Short text fragments from websites:
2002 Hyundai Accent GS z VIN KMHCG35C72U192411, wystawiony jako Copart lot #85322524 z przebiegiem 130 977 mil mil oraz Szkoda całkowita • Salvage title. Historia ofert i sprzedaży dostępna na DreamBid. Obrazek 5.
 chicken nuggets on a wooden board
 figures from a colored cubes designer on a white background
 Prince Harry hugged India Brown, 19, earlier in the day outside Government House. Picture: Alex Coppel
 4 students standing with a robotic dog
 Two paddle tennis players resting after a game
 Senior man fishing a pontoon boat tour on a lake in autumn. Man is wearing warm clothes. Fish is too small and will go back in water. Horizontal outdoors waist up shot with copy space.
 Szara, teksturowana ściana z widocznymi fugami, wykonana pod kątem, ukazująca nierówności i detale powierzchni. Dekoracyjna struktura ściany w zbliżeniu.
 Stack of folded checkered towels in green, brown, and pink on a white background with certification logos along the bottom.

What you will do: Make an exact copy of every line from the one with "chicken nuggets on a wooden board" to the end of the data, with the first and last of those lines included.

Solution:
 chicken nuggets on a wooden board
 figures from a colored cubes designer on a white background
 Prince Harry hugged India Brown, 19, earlier in the day outside Government House. Picture: Alex Coppel
 4 students standing with a robotic dog
 Two paddle tennis players resting after a game
 Senior man fishing a pontoon boat tour on a lake in autumn. Man is wearing warm clothes. Fish is too small and will go back in water. Horizontal outdoors waist up shot with copy space.
 Szara, teksturowana ściana z widocznymi fugami, wykonana pod kątem, ukazująca nierówności i detale powierzchni. Dekoracyjna struktura ściany w zbliżeniu.
 Stack of folded checkered towels in green, brown, and pink on a white background with certification logos along the bottom.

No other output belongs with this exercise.